* WORK TO BE COMPLETED:
Every line below must be copied as written, except for pictures.
··· RECORDS SUPPLIED ···
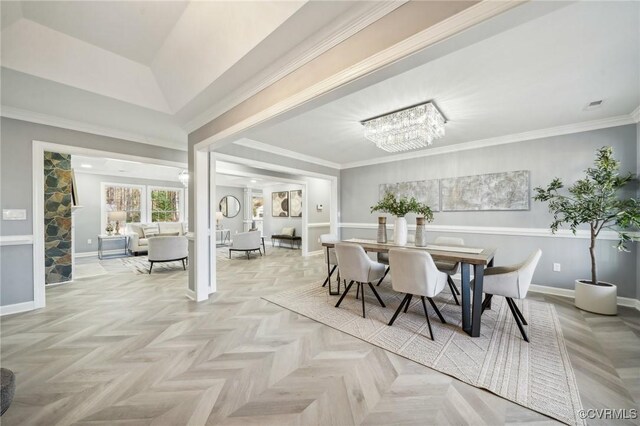 dining space featuring a notable chandelier, ornamental molding, and light parquet flooring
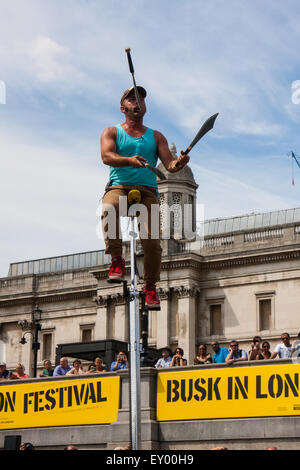 Londra, 18 luglio 2015. Unicyclist canadese e giocoliere 'Dynamike" intrattiene la Folla a Trafalgar Square come parte del Busk a Londra Festival volto a mostrare le straordinarie doti di molti della capitale i migliori artisti di strada, compresi, musicisti, maghi, statue viventi e bande. Credito: Paolo Davey/Alamy Live News Foto Stock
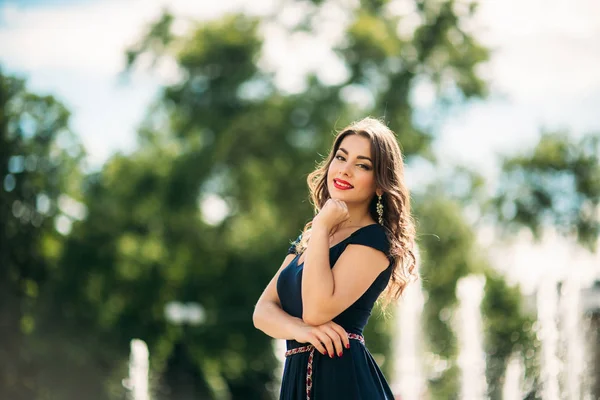 Una chica está caminando por la ciudad, cerca de una gran fuente. Día soleado. Verano — Foto de Stock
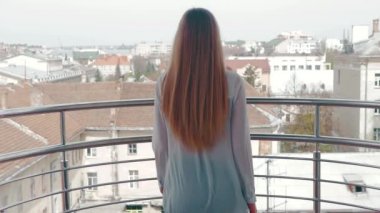 Genç bir kadın için korkuluk balkon gider ve kentin peyzaj hayran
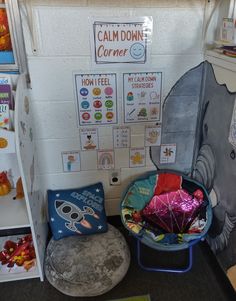 a room with stuffed animals and decorations on the walls, including a chair that is shaped like an elephant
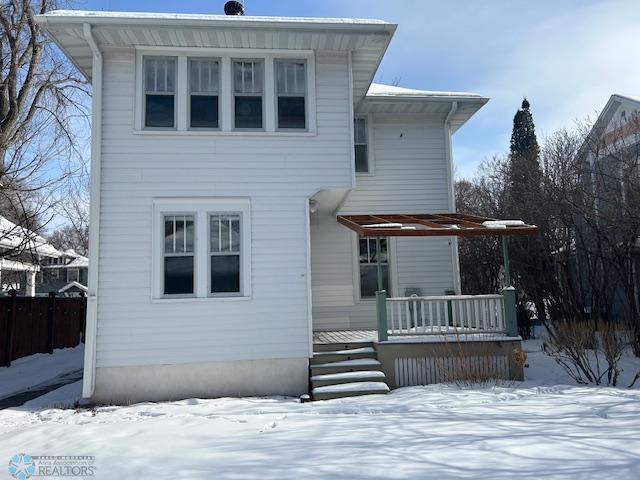 view of snow covered house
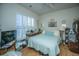 Bedroom with a bed, a window with blinds, and personal decorations at 320 Foxglove Ave, Summerville, SC 29483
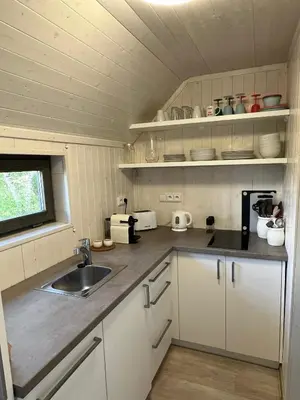 a kitchen with a sink and a counter top at Maringotka u lesa in Staňkovice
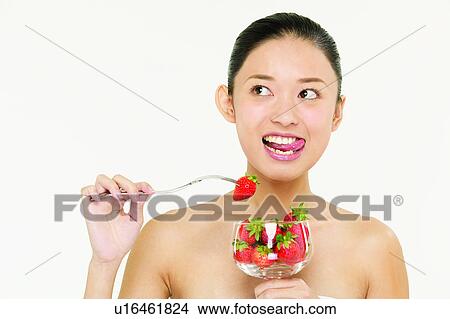 Picture - Black Hair, Looking Away, Fruit, Beauty And Fruits, Healthy Eating. Fotosearch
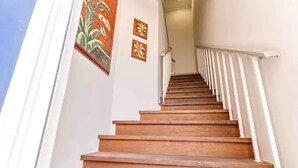 Een houten trap met witte leuningen, die uitkomt op een overloop.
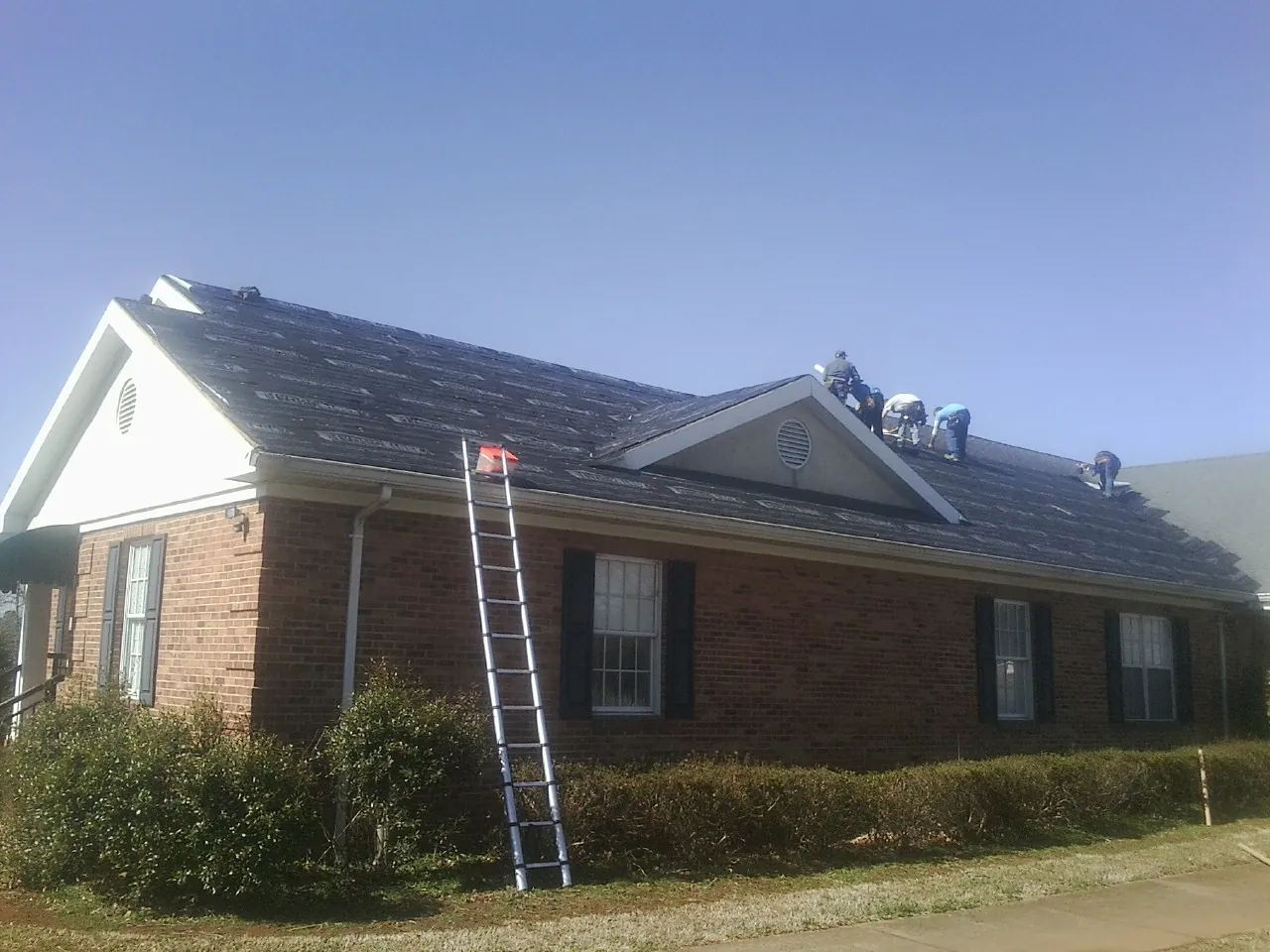 Crew tearing shingles off a brick ranch roof with a ladder set — Metal Roof Repair work by our crew in Angola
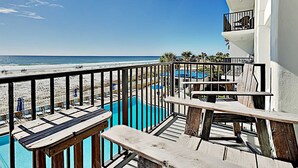 A balcony with a view of the beach and a pool. - Sea Oats by Southern Vacation Rentals (Fort Walton Beach)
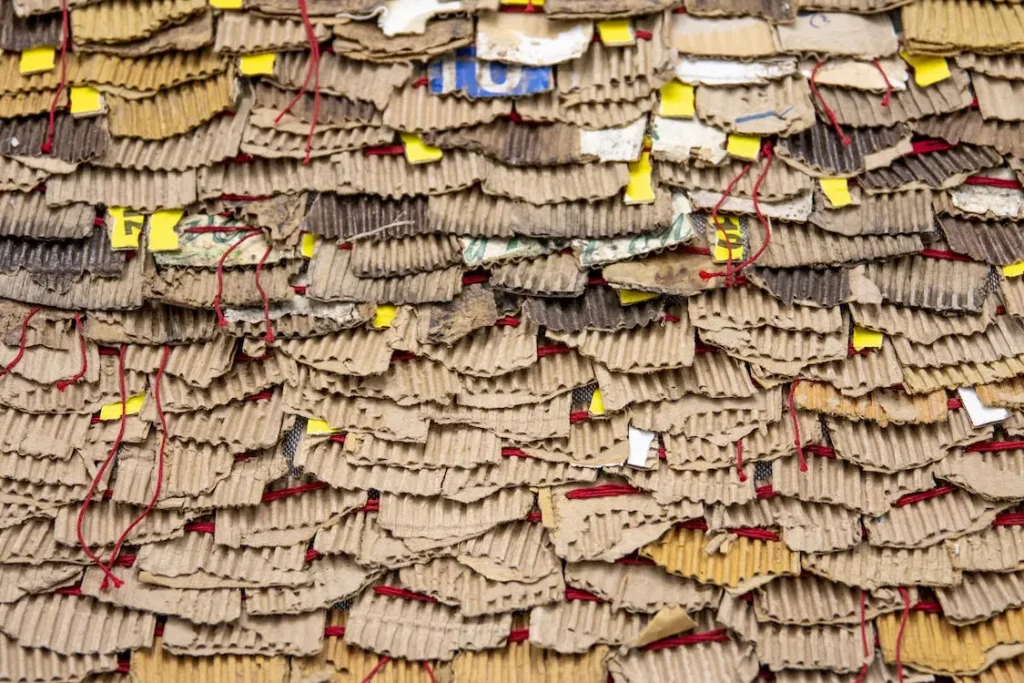 A pile of corrugated cardboard that can be recycled into new cardboard boxes.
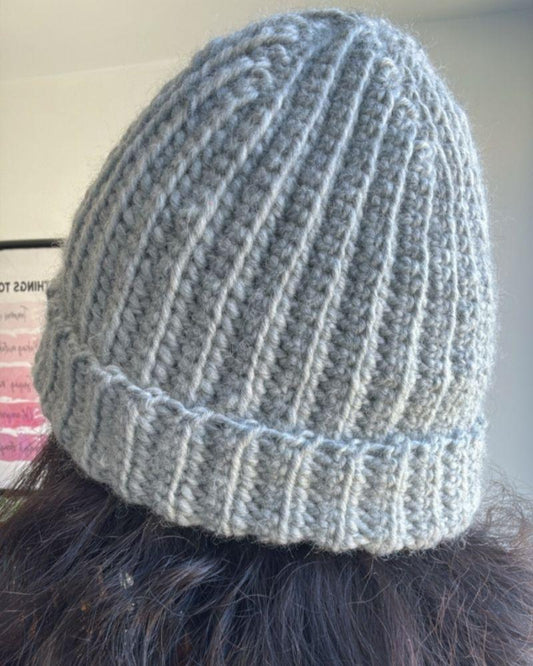 Person wearing a handmade beanie with a leather patch labeled 'Retro Foundry', Gray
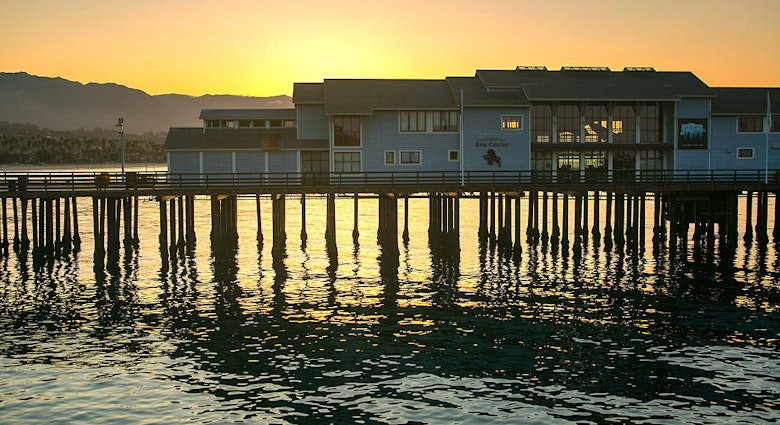 The sun rises behind the Museum of Natural History Sea Center at Stearns Wharf 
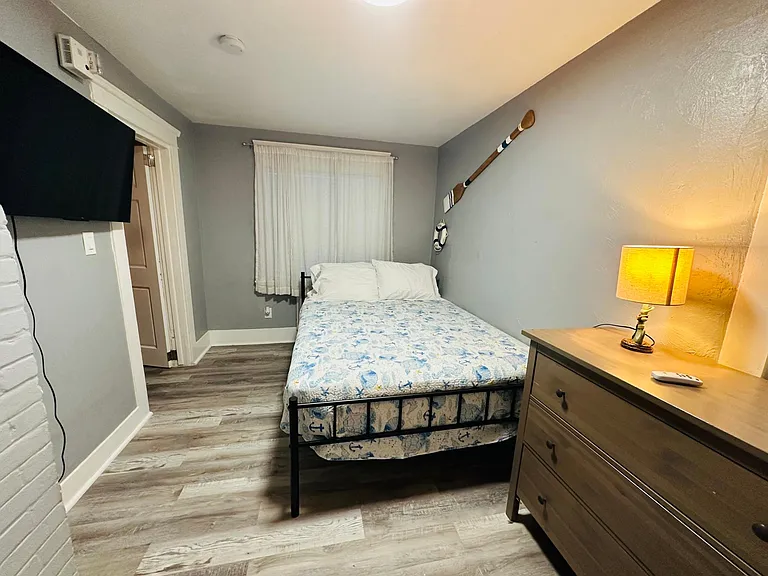 Queen size bed with 12 inch mattress and tv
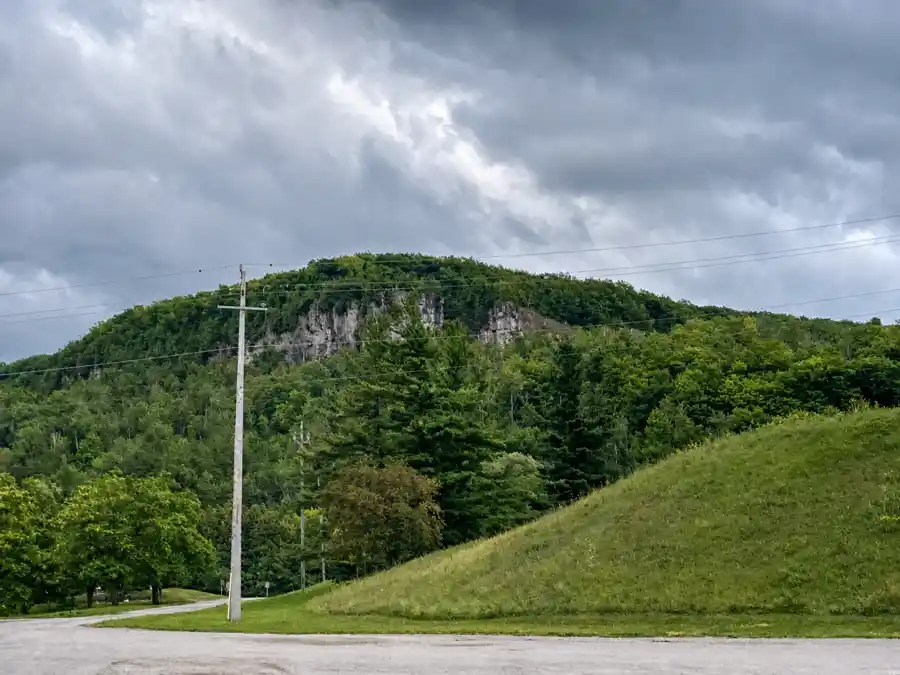 Exposed Niagara Escarpment rock and green forest rising beside Kelso Conservation Area
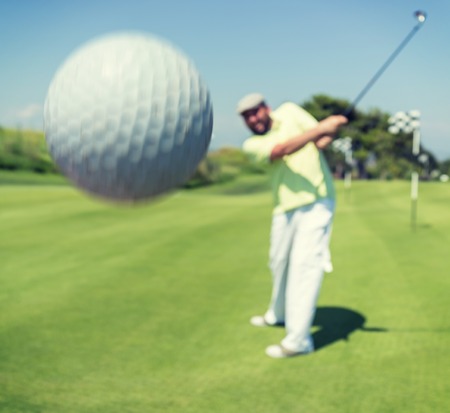 Man playing golf at clubの写真素材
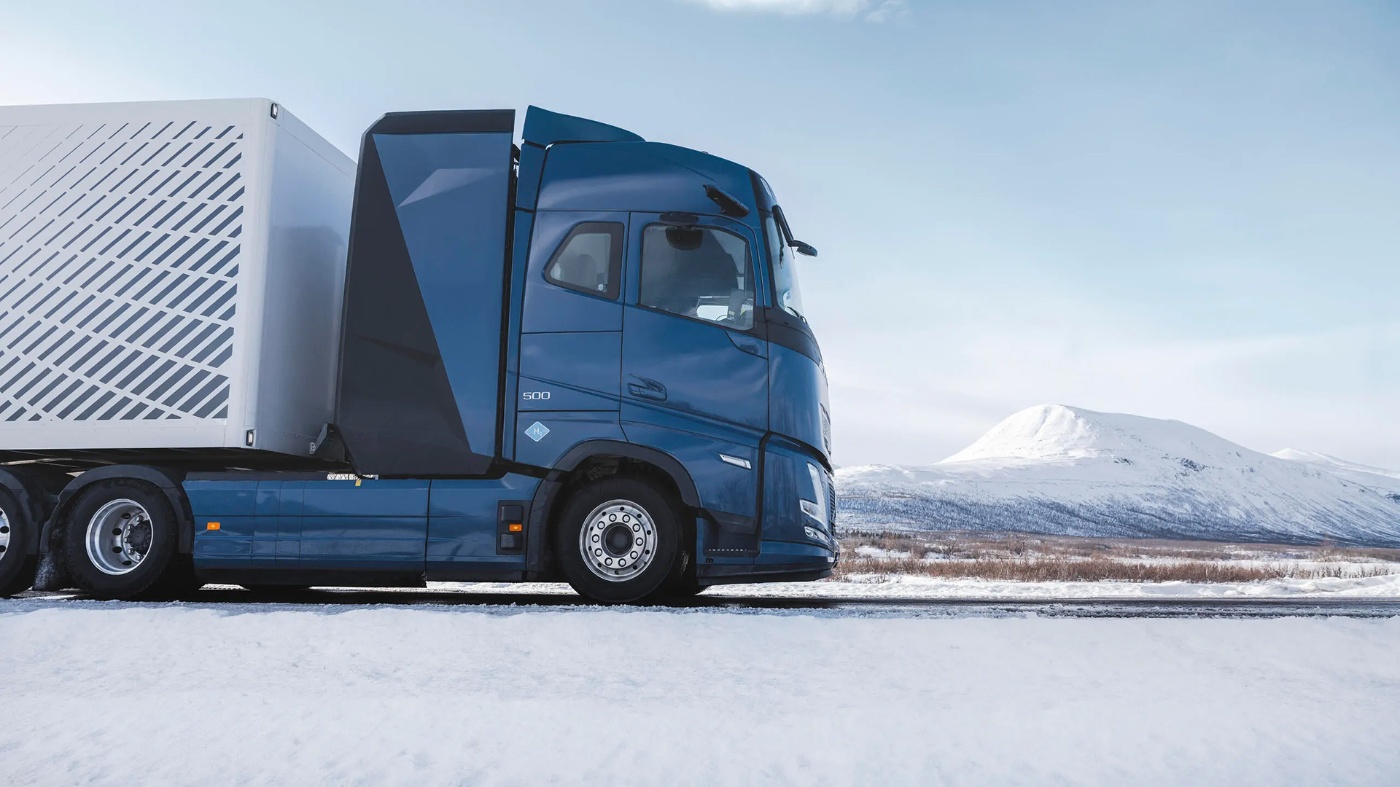 Volvo truck driving on a snowy road with mountains in the background.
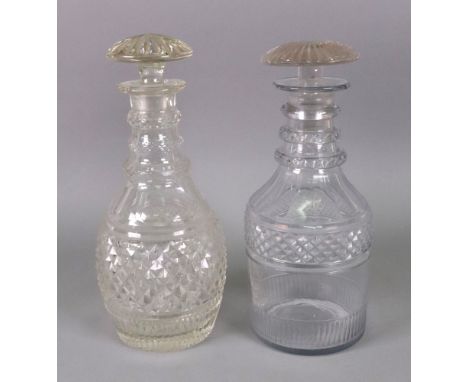 A George III glass decanter with triple ring neck and mushroom stopper, facet cut above a band of diamond cutting with a lowe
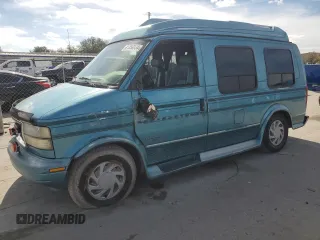 1995 GMC Safari z VIN 1GDDM19W2SB525888, wystawiony jako Copart lot #81358954 z przebiegiem 121 066 mil mil oraz Szkody całkowita. Historia ofert i sprzedaży dostępna na DreamBid. Obrazek 1.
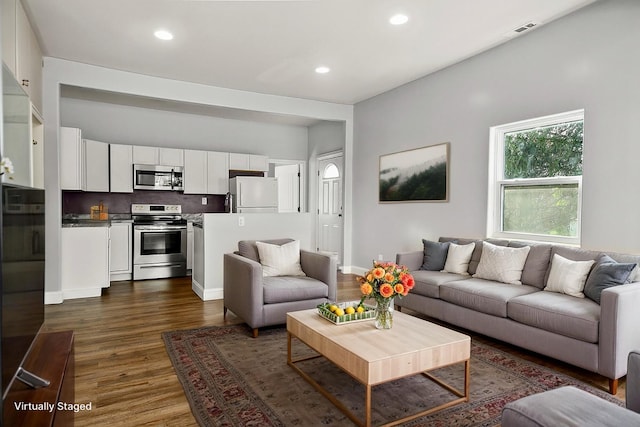 living room with baseboards, dark wood-style floors, visible vents, and recessed lighting
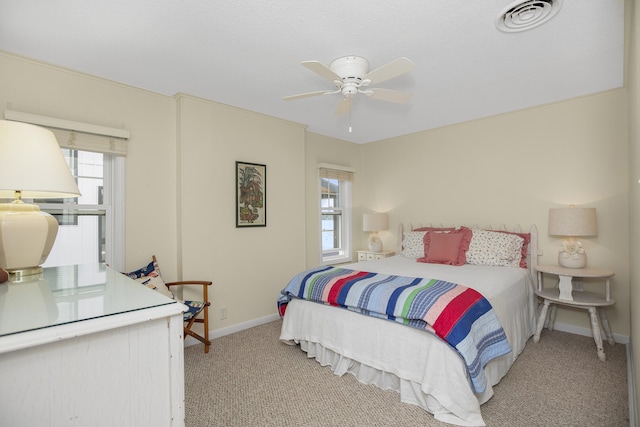 bedroom with ceiling fan and light colored carpet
···
* OUTPUT BELOW:
 dining space featuring a notable chandelier, ornamental molding, and light parquet flooring
 Londra, 18 luglio 2015. Unicyclist canadese e giocoliere 'Dynamike" intrattiene la Folla a Trafalgar Square come parte del Busk a Londra Festival volto a mostrare le straordinarie doti di molti della capitale i migliori artisti di strada, compresi, musicisti, maghi, statue viventi e bande. Credito: Paolo Davey/Alamy Live News Foto Stock
 Una chica está caminando por la ciudad, cerca de una gran fuente. Día soleado. Verano — Foto de Stock
 Genç bir kadın için korkuluk balkon gider ve kentin peyzaj hayran
 a room with stuffed animals and decorations on the walls, including a chair that is shaped like an elephant
 view of snow covered house
 Bedroom with a bed, a window with blinds, and personal decorations at 320 Foxglove Ave, Summerville, SC 29483
 a kitchen with a sink and a counter top at Maringotka u lesa in Staňkovice
 Picture - Black Hair, Looking Away, Fruit, Beauty And Fruits, Healthy Eating. Fotosearch
 Een houten trap met witte leuningen, die uitkomt op een overloop.
 Crew tearing shingles off a brick ranch roof with a ladder set — Metal Roof Repair work by our crew in Angola
 A balcony with a view of the beach and a pool. - Sea Oats by Southern Vacation Rentals (Fort Walton Beach)
 A pile of corrugated cardboard that can be recycled into new cardboard boxes.
 Person wearing a handmade beanie with a leather patch labeled 'Retro Foundry', Gray
 The sun rises behind the Museum of Natural History Sea Center at Stearns Wharf 
 Queen size bed with 12 inch mattress and tv
 Exposed Niagara Escarpment rock and green forest rising beside Kelso Conservation Area
 Man playing golf at clubの写真素材
 Volvo truck driving on a snowy road with mountains in the background.
 A George III glass decanter with triple ring neck and mushroom stopper, facet cut above a band of diamond cutting with a lowe
 1995 GMC Safari z VIN 1GDDM19W2SB525888, wystawiony jako Copart lot #81358954 z przebiegiem 121 066 mil mil oraz Szkody całkowita. Historia ofert i sprzedaży dostępna na DreamBid. Obrazek 1.
 living room with baseboards, dark wood-style floors, visible vents, and recessed lighting
 bedroom with ceiling fan and light colored carpet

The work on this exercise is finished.